Match the word "White". Return each line of the data below where it appears.

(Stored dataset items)
·····
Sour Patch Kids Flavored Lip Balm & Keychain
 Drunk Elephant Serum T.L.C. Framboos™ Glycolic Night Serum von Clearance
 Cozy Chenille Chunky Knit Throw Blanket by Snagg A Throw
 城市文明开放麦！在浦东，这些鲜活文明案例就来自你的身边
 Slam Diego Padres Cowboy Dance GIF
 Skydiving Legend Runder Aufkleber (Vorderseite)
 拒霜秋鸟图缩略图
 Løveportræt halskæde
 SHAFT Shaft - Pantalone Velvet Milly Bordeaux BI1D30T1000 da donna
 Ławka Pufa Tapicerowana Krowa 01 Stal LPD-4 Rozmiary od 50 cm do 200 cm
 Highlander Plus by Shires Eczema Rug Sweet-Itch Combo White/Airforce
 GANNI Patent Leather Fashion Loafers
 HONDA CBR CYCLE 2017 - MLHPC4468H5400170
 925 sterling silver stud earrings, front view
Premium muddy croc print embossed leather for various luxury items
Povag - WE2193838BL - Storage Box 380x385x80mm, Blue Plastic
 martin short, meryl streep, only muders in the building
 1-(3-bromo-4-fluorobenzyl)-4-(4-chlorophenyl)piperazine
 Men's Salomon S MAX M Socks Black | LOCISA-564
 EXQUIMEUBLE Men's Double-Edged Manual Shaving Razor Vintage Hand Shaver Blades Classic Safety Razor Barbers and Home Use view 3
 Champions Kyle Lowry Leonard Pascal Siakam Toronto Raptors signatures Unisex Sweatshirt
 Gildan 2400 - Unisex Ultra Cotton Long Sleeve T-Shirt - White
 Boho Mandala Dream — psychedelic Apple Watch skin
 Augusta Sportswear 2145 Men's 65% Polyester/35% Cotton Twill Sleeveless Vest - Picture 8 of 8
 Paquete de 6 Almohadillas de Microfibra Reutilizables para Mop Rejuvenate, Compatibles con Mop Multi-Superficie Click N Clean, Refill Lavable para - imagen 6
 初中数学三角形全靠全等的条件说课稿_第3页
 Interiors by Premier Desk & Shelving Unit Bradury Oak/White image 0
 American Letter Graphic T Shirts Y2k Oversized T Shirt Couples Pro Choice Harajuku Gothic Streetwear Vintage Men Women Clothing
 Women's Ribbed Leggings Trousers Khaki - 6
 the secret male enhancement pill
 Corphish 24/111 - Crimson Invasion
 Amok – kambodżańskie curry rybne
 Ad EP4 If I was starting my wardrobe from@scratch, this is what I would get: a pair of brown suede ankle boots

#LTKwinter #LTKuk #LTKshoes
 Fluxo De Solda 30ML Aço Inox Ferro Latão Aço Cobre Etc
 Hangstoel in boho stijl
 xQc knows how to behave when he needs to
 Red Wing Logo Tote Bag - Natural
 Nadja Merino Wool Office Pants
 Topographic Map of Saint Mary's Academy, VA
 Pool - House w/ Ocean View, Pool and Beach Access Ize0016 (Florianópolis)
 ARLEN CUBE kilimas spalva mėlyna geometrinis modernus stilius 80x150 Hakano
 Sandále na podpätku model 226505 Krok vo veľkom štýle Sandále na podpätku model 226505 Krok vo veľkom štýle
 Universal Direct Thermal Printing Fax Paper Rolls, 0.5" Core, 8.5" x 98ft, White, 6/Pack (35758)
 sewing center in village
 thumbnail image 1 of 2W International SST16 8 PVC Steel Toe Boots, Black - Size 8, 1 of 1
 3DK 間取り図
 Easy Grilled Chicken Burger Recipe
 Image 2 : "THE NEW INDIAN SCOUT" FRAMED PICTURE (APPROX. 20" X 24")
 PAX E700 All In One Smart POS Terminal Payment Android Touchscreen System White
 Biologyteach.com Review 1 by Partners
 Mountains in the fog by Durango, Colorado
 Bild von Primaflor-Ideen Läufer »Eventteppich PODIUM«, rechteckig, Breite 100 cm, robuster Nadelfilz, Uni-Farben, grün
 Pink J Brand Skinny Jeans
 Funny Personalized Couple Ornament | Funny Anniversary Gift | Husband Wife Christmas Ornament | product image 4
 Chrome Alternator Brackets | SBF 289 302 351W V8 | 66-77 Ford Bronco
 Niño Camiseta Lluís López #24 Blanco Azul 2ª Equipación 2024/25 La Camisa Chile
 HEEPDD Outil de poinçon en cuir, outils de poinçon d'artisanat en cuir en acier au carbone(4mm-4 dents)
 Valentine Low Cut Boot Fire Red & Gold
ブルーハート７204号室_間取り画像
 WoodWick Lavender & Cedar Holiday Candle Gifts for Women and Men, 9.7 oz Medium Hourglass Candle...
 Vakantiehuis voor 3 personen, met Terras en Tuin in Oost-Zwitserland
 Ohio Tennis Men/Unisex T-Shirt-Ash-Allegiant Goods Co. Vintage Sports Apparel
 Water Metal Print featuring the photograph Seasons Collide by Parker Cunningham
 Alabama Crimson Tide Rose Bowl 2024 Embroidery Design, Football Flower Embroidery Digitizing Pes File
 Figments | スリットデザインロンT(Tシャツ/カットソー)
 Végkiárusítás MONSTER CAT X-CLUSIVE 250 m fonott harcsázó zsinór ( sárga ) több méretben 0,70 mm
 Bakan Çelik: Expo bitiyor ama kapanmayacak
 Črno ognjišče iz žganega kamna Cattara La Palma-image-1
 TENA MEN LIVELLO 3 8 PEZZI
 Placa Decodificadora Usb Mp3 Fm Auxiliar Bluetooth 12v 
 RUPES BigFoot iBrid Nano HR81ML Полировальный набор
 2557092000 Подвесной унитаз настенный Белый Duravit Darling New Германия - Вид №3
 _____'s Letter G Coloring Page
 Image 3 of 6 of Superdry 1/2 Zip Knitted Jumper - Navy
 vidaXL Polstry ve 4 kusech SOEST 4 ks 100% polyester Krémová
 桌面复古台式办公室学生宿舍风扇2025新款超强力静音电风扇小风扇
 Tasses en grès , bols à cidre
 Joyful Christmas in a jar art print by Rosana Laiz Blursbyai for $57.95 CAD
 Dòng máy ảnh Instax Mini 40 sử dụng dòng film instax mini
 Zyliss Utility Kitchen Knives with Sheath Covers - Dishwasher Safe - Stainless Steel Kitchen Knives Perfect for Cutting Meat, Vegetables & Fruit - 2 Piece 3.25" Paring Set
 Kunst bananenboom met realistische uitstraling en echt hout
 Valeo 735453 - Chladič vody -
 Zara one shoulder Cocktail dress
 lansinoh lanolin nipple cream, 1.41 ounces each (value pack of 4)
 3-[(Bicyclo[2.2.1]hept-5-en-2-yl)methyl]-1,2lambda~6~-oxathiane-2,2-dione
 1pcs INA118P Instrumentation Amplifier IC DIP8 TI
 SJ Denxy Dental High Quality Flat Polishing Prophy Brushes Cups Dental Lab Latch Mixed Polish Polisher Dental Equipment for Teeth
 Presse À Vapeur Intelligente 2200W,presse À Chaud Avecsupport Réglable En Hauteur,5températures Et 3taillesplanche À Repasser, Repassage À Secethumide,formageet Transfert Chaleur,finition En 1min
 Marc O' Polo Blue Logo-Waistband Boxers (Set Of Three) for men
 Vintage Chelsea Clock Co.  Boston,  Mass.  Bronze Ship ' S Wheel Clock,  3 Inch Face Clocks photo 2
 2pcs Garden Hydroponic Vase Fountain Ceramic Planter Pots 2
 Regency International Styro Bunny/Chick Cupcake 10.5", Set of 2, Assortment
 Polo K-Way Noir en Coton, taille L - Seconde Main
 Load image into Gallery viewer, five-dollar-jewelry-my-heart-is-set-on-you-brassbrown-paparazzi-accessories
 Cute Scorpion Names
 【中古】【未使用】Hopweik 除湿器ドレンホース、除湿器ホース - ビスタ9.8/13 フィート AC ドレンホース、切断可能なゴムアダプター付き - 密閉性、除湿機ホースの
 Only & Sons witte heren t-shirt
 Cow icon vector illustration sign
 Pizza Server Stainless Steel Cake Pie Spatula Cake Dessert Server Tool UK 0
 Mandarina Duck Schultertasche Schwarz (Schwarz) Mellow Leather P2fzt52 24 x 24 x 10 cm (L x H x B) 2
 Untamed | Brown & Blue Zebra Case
·····
§ ANSWER BELOW
 Highlander Plus by Shires Eczema Rug Sweet-Itch Combo White/Airforce
 Gildan 2400 - Unisex Ultra Cotton Long Sleeve T-Shirt - White
 Interiors by Premier Desk & Shelving Unit Bradury Oak/White image 0
 Universal Direct Thermal Printing Fax Paper Rolls, 0.5" Core, 8.5" x 98ft, White, 6/Pack (35758)
 PAX E700 All In One Smart POS Terminal Payment Android Touchscreen System White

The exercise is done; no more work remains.